Problem statement– We have given string str of length N. The string contains only alphabetical characters. Also, we have given K and X positive integers. We need to find a total number of different sub strings of length K containing the at most X distinct vowels.
Sample examples
Input– str = ‘point’, K = 3, X = 2
Output– 3
Explanation– The sub strings of length 3 containing at most 2 distinct vowels are −
The string ‘poi’ contains 2 vowels.
The string ‘oin’ contains two vowels.
The string ‘int’ contains 1 vowel.
Input– str = ‘sdfgh’, K = 3, X = 2
Output– 0
Explanation– The string doesn’t contain any vowel, so the output is zero.

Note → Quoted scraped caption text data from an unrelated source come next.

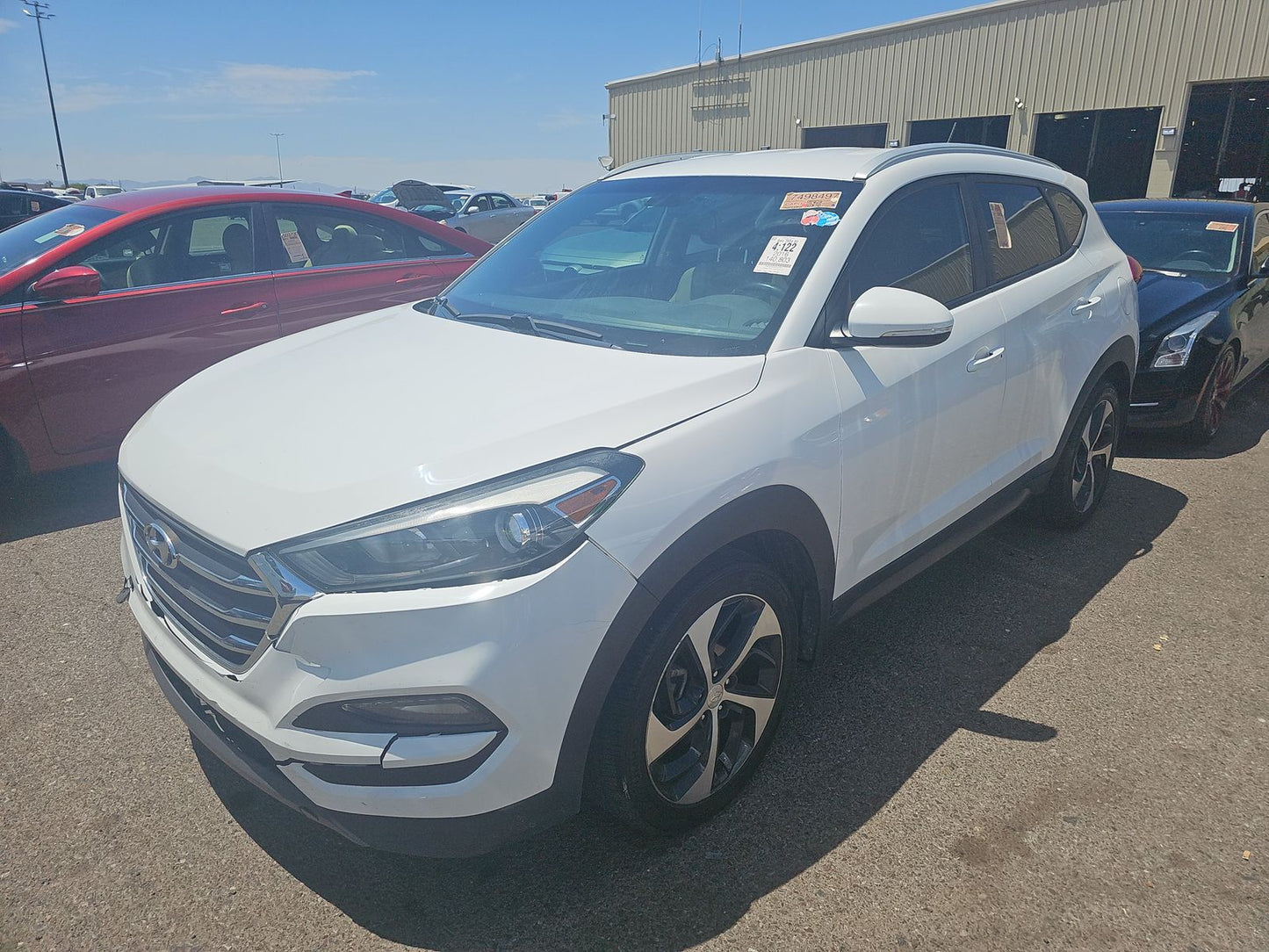 2016 Hyundai Tucson Sport w/Beige Interior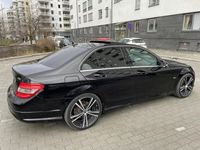 begagnad Mercedes C200 CDI Avantgarde, AMG Sport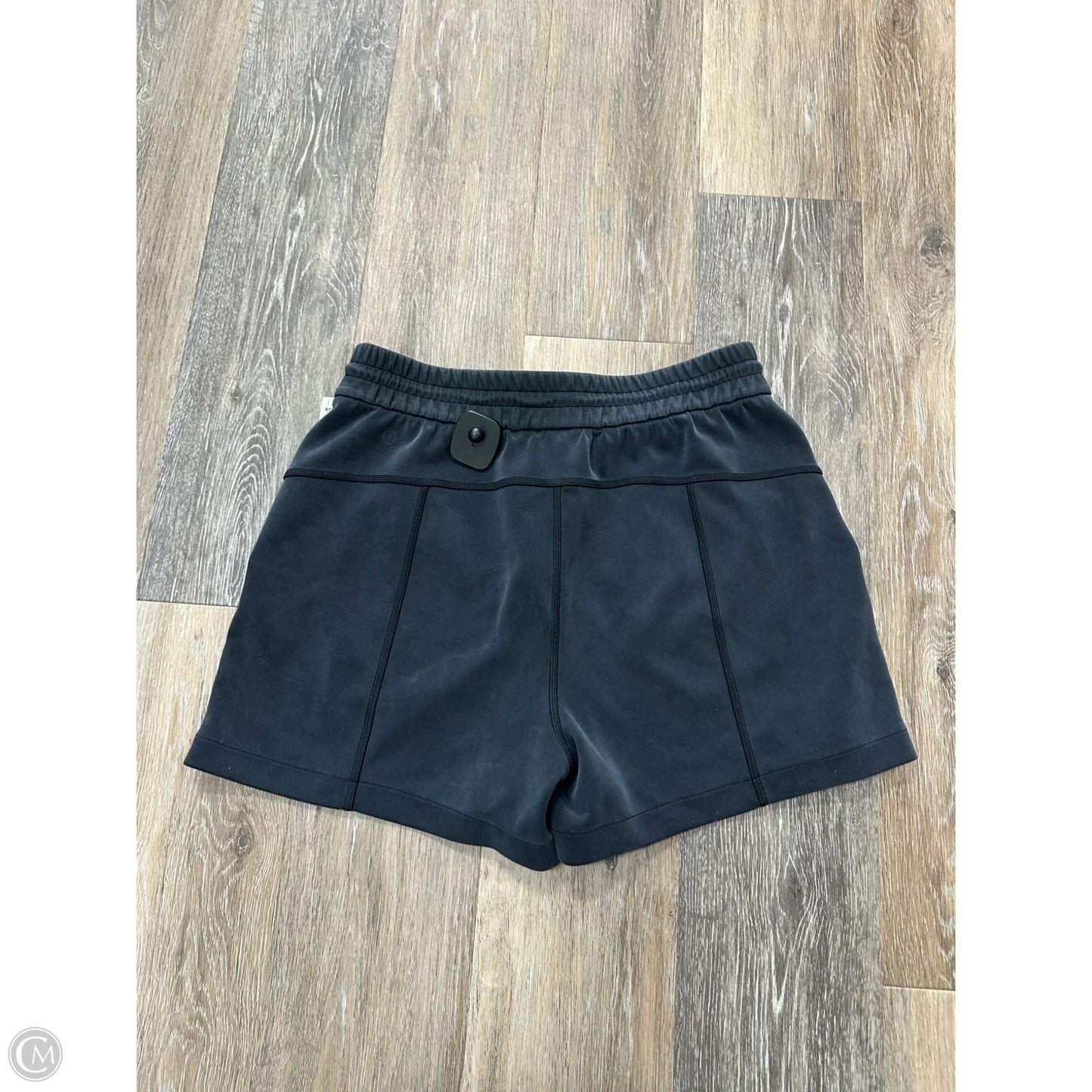 Athletic Shorts By Lululemon In Grey, Size: 8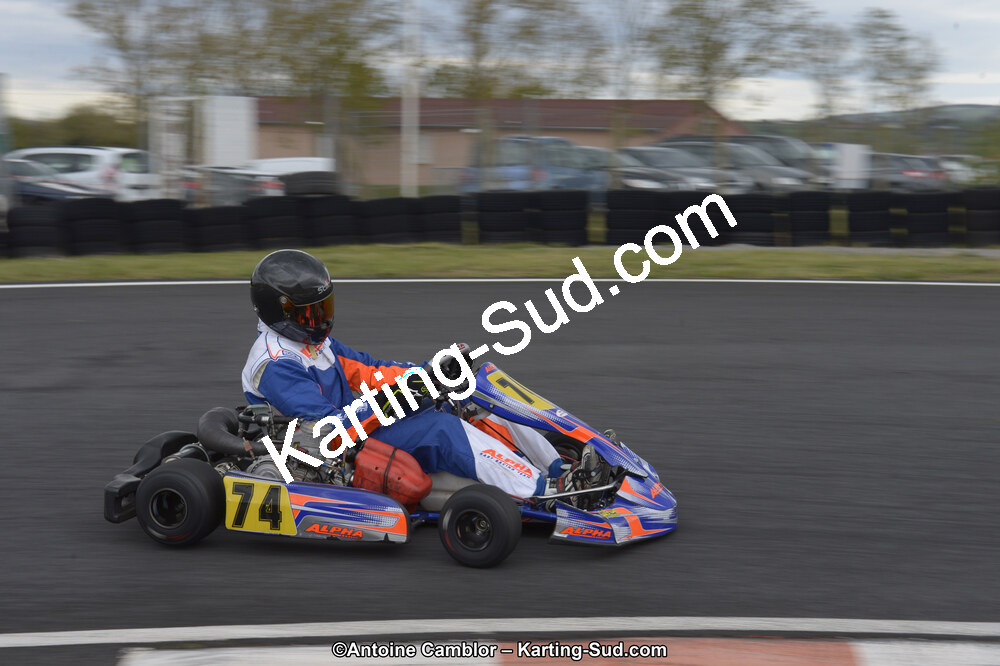 30/04 & 01/05/2016 : 3ème manche du Championnat du Sud 2016 à Belmont sur Rance (Photos Antoine Camblor) 2016 — karting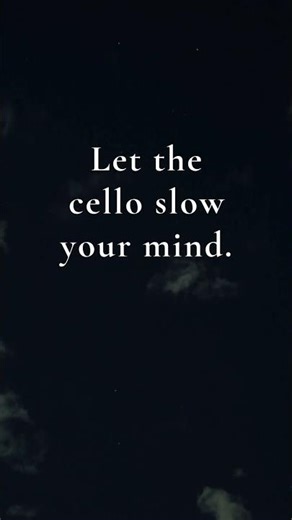Overthinking at night? 🌙 Heavy Low Strings for Deep Rest 🎻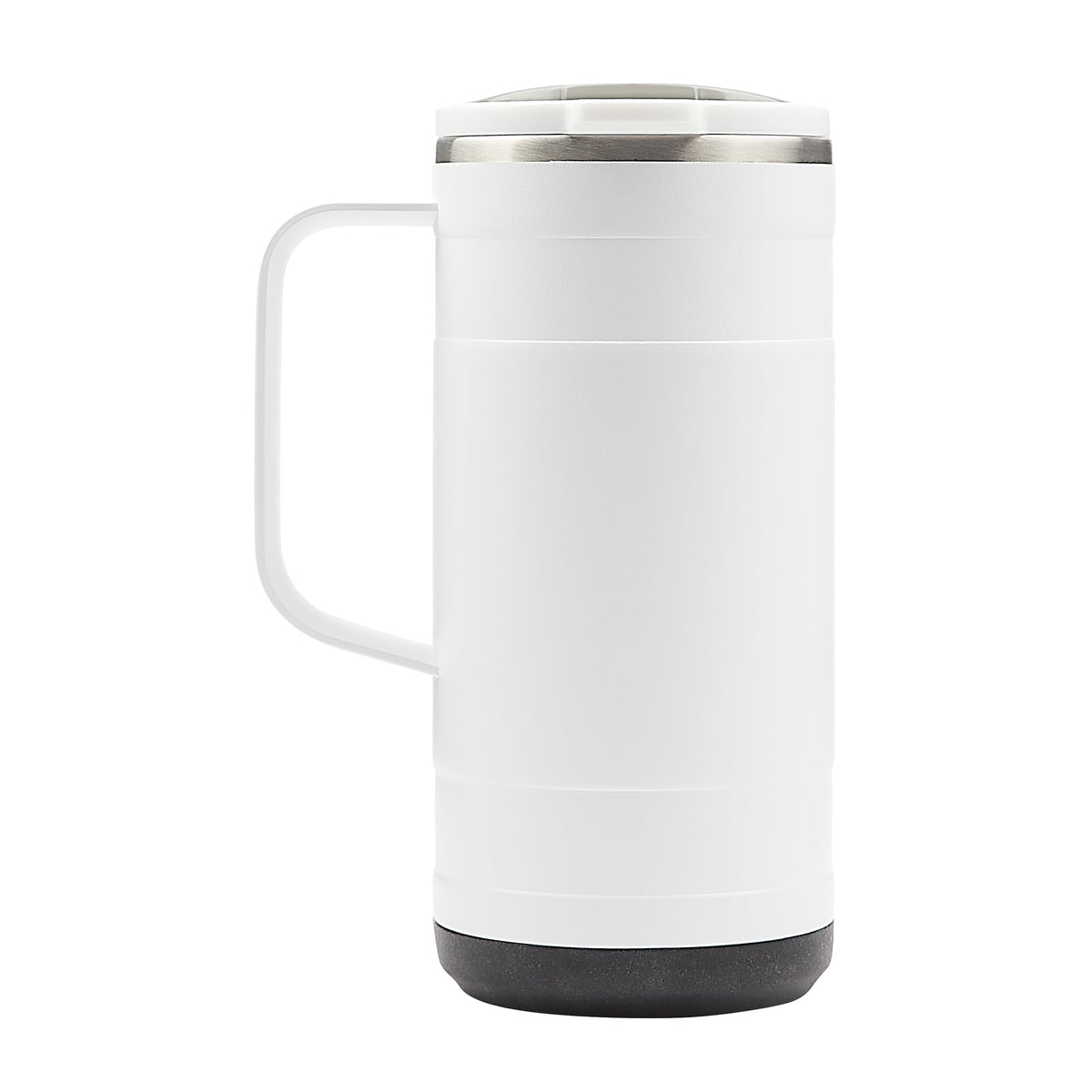 Pelican Ridge 18 oz Insulated Mug - Bright White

Input– str = ‘aeiou’, K = 2, X = 2
Output– 4
Explanation– The sub strings of length 2 containing at most 2 distinct vowels are: ‘ae’, ‘ei’, ‘io’, and ‘ou’.
Approach 1
In this approach, we will get each sub string of length K from the given string. After that, we will check the number of distinct vowels in the sub string, and return the reuslt value based on the total number of vowels that the sub string contains.
Algorithm
Initialize the ‘cnt’ and ‘len’ variables.
Start traversing the string and traverse it from the 0th index to the len – k index.

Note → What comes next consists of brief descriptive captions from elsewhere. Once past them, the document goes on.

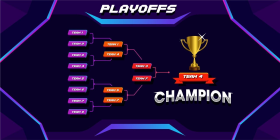 esporte moderno jogo torneio campeonato concurso estágio suporte placa vetor com ouro campeão troféu prêmio ícone ilustração fundo no layout de estilo de tema de tecnologia_ (1)
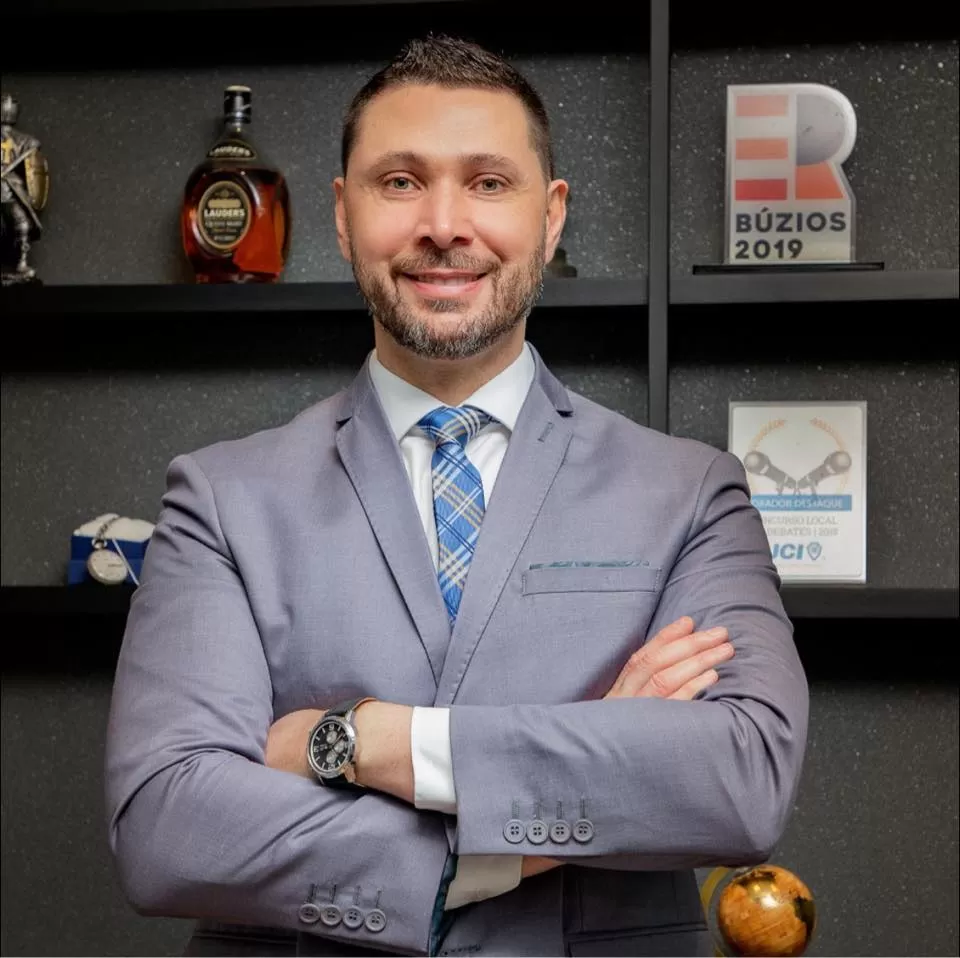 Advogado e presidente da OAB, Subseção local, Leandro Marcondes. (Foto: Arquivo Pessoal))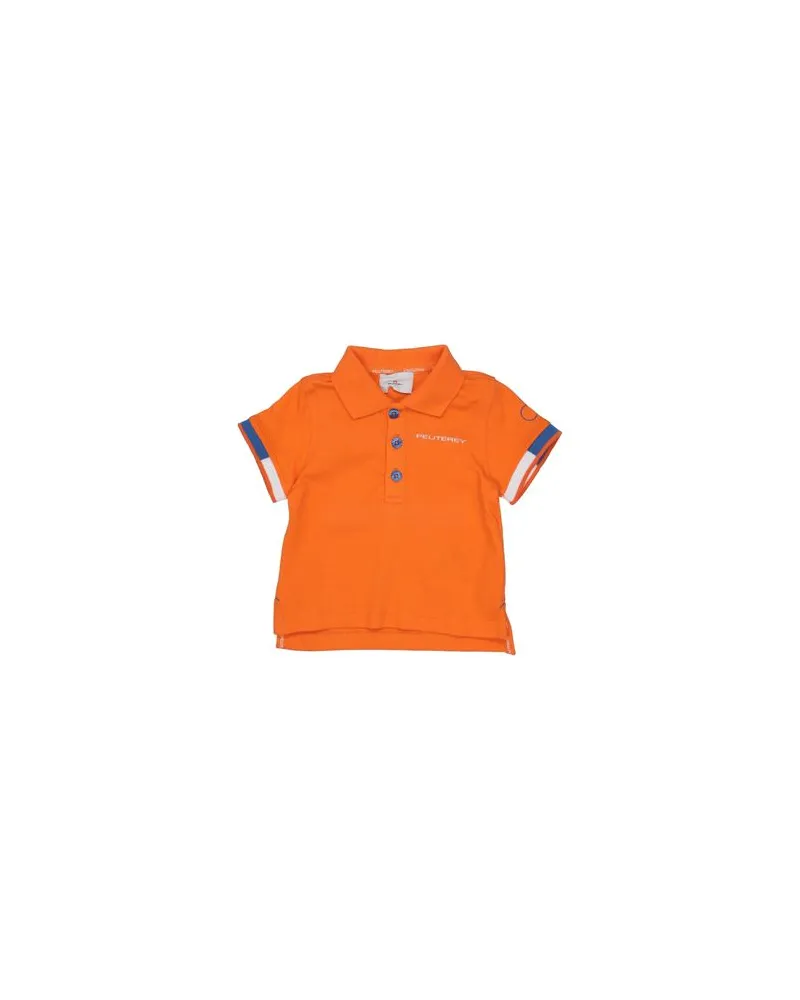 Peuterey TOPS - Poloshirtsauf YOOX.COM Orange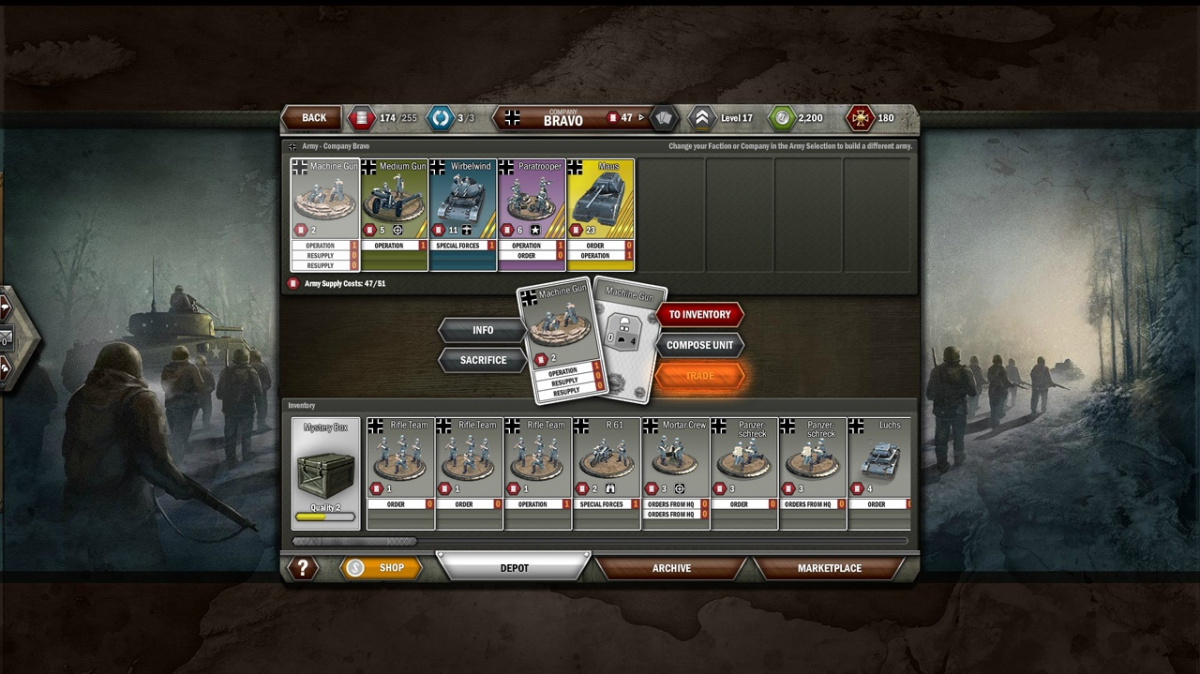 Strategicky-karetní Panzer General Online spouští otevřenou betu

Use the substr() method to get the sub string of length K starting from the index i.
Use the countDistVowels() function to count the distinct vowels in the sub string.
In the countDistVowels() function, use the map to store the presence of a particular vowel.

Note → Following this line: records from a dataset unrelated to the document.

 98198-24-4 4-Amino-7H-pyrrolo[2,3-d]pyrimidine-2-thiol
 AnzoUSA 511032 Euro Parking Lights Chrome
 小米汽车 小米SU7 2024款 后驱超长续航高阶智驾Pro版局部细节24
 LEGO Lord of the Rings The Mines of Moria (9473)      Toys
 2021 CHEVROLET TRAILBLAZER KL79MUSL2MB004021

Access the values for the a, e, I, o, and u keys from the map and return their sum.
If the total number of the distinct vowel in the sub string is less than K, increment the ‘cnt’ value by 1.
When all iteration of the loop are completes, return the ‘cnt’ value.
Example
#include <bits/stdc++.h>
using namespace std;
int countDistVowels(string str){
int dist = 0;
int len = str.length();
// map to store the presence of vowels
unordered_map<char, int> mp;
// insert vowels in the map
for (int i = 0; i < len; i++){
mp[str[i]] = 1;
}
// return the count of distinct vowels in a string
return mp['a'] + mp['e'] + mp['i'] + mp['o'] + mp['u'];
}
int countSubStr(string str, int K, int X){
// to store the total substring following the given condition
int cnt = 0;
int len = str.size();
for (int i = 0; i <= len - K; i++){
// get a substring of length K
string s = str.substr(i, K);
// If contDistVowels() function returns value less than X, increment cnt by 1.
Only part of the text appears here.